Coming from Python, R, Stata I agree that Julia’s approach to missing seemed rather pedantic and cumbersome at first, but I think I’ve now gotten around to this way of thinking more explicitly about the problem (and trying to purge all Unions where I don’t need them!)


#16

allowmissing = :none or allowmissing = :auto is certainly a good idea for clarity, convenience and performance if you know there are no missing values. We use allowmissing = :always by default because parsing CSV files currently fails if missing values are not encountered during the type detection phase. This might change once CSV.jl is able to handle this situation better.

For cases where there are missing values and you want to skip them, Julia just behaves like R, except that skipmissing is a function while in R na.rm (or useNA, or use="na.or.complete"…) is an argument. That can be inconvenient when you deal with missing values all the time (I do), but so far we haven’t found any solution which would both be safe by default, but would allow opting-in for skipping missing values by default. See also this blog post for some context and rationale.


#17

Thanks for the clues, nilshg & nalimilan! I will play around with the hints a little to get to know the possibilities. Of course I don’t want to lose control over the missing values. Because it is always important to know if and how many missing values are available.
I also believe - in my opinion today - that the missing values should also be read in via CSV.il, because a postprocessing in Julia leads to more knowledge about the data set.
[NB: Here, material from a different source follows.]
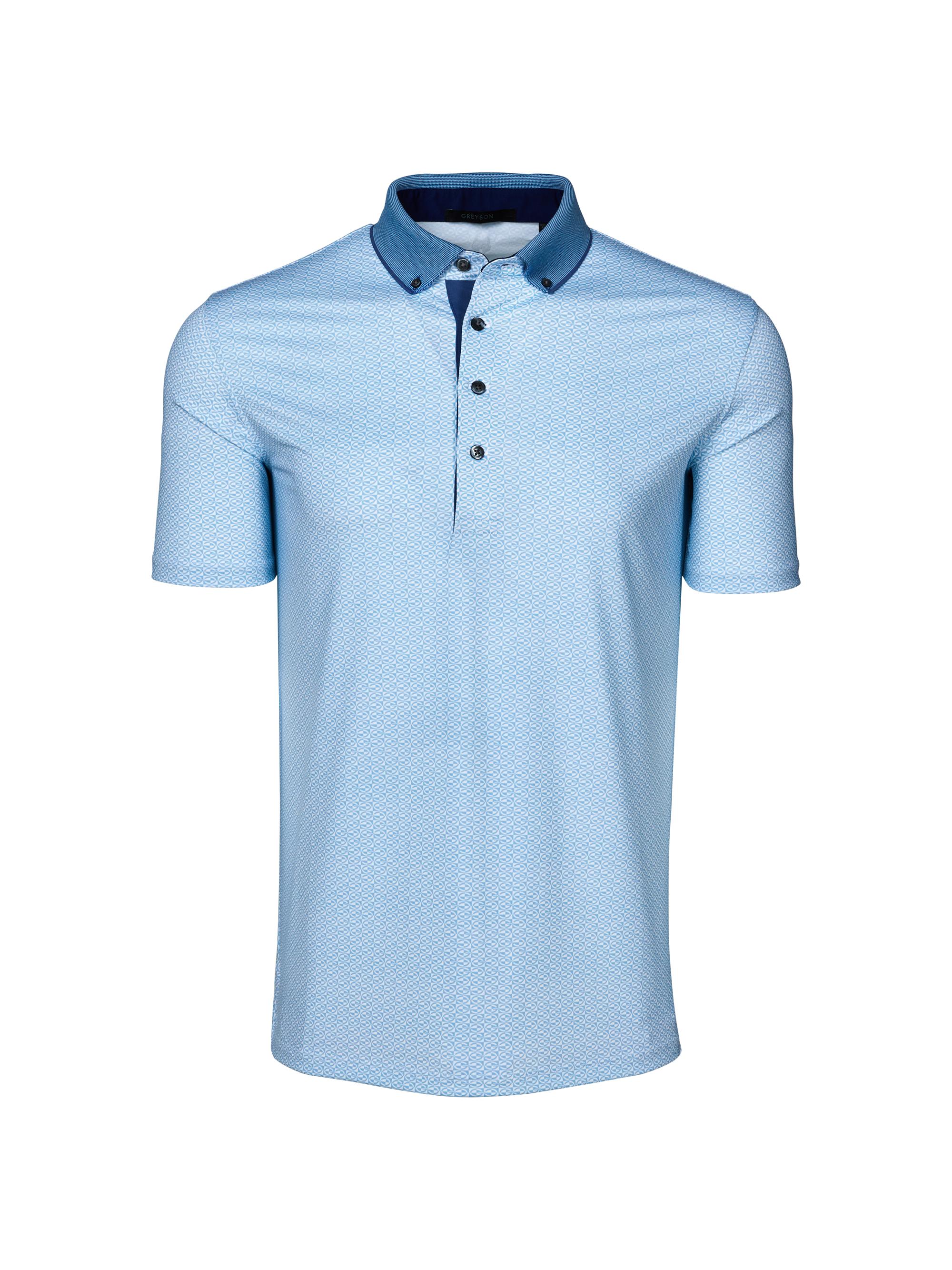 Greyson Men's Guardian Printed Polo Shirt - Wolf Blue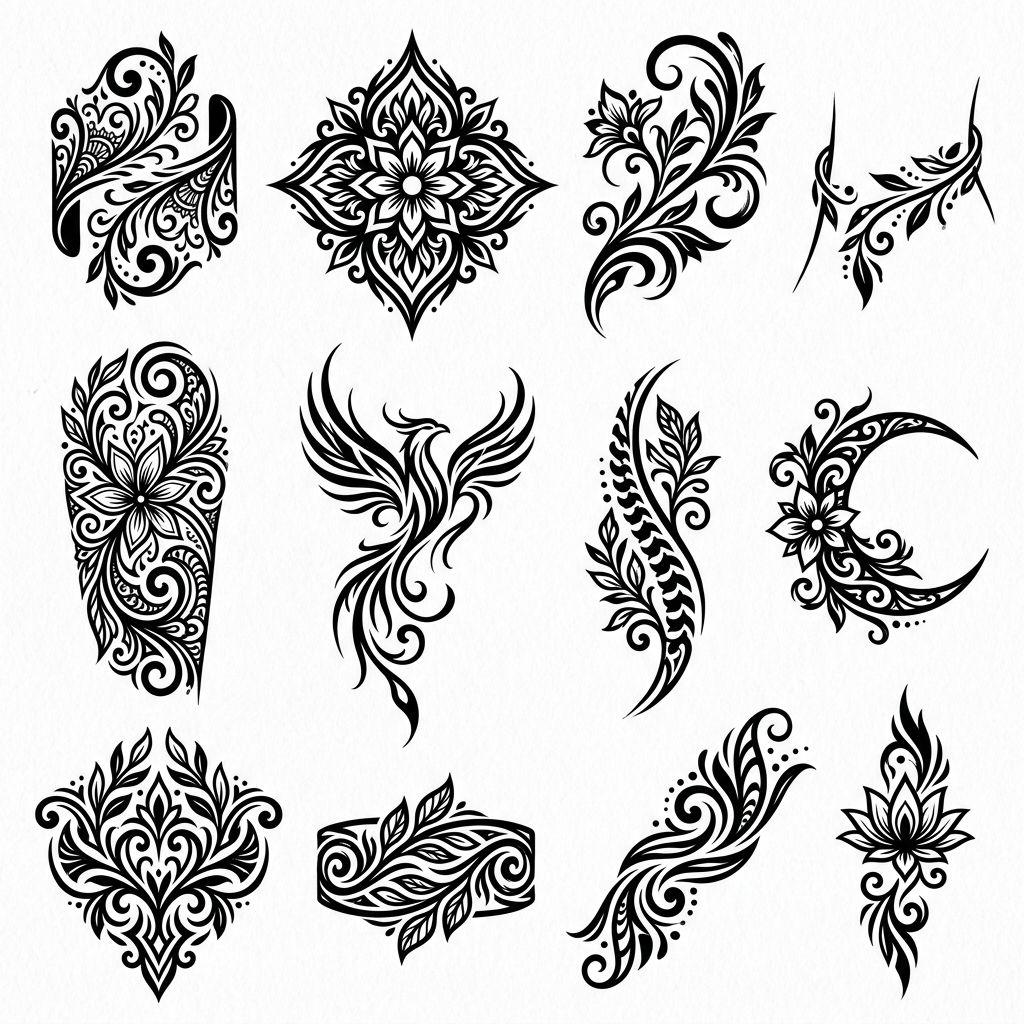 women-tattoo feminine modern tribal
Thanks also to all who responded, it was/is an interesting and substantial discussion!


#18

In term of adoption of Julia in the data analysis community. I can imagine a ton of people being put off by all the current problems with missing values (this issue with skewness, related issue with weighted functions).
In contrast, I can’t imagine anyone not picking up Julia because it automatically skips missing values.


#19

I think the community has become pretty immune to the “people won’t adopt Julia unless you do what I want” arguments; especially as quite a few parts of various APIs were hammered out patiently through multiple (breaking) iterations instead of just picking what Matlab/R/Python does, and Julia’s adoption has kept steadily increasing.
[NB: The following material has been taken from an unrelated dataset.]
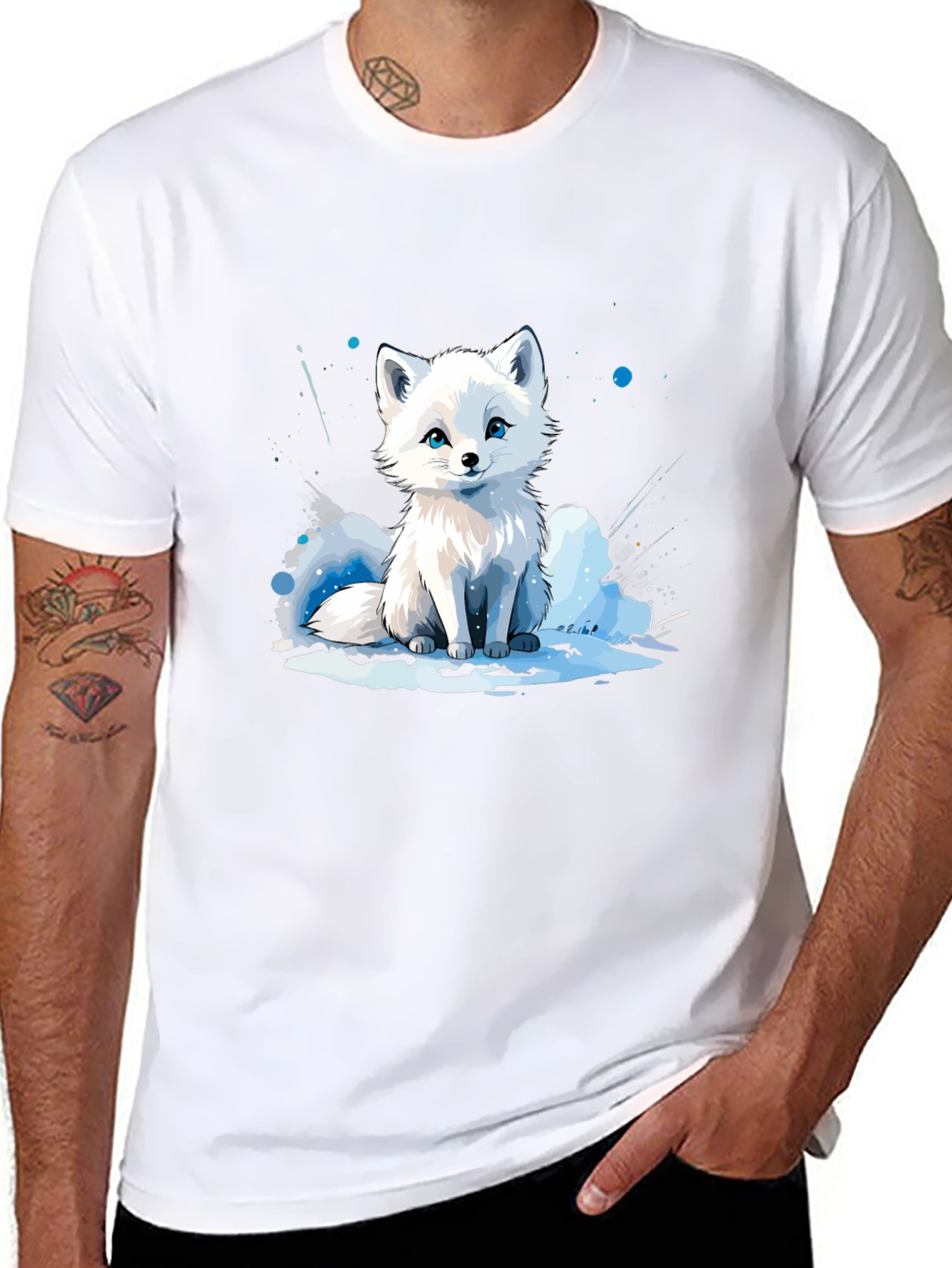 Arctic Fox Graphic Tee - Black Cotton Blend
If you want to convince people about a particular API choice, I would recommend you base your arguments on technical merits.


#20

BTW, this is an area where improvements can be made without too much work and even without a deep experience with Julia development. One basically needs to go over all problematic functions and ensure they accept any iterator instead of just arrays. That’s a great task for a first pull request.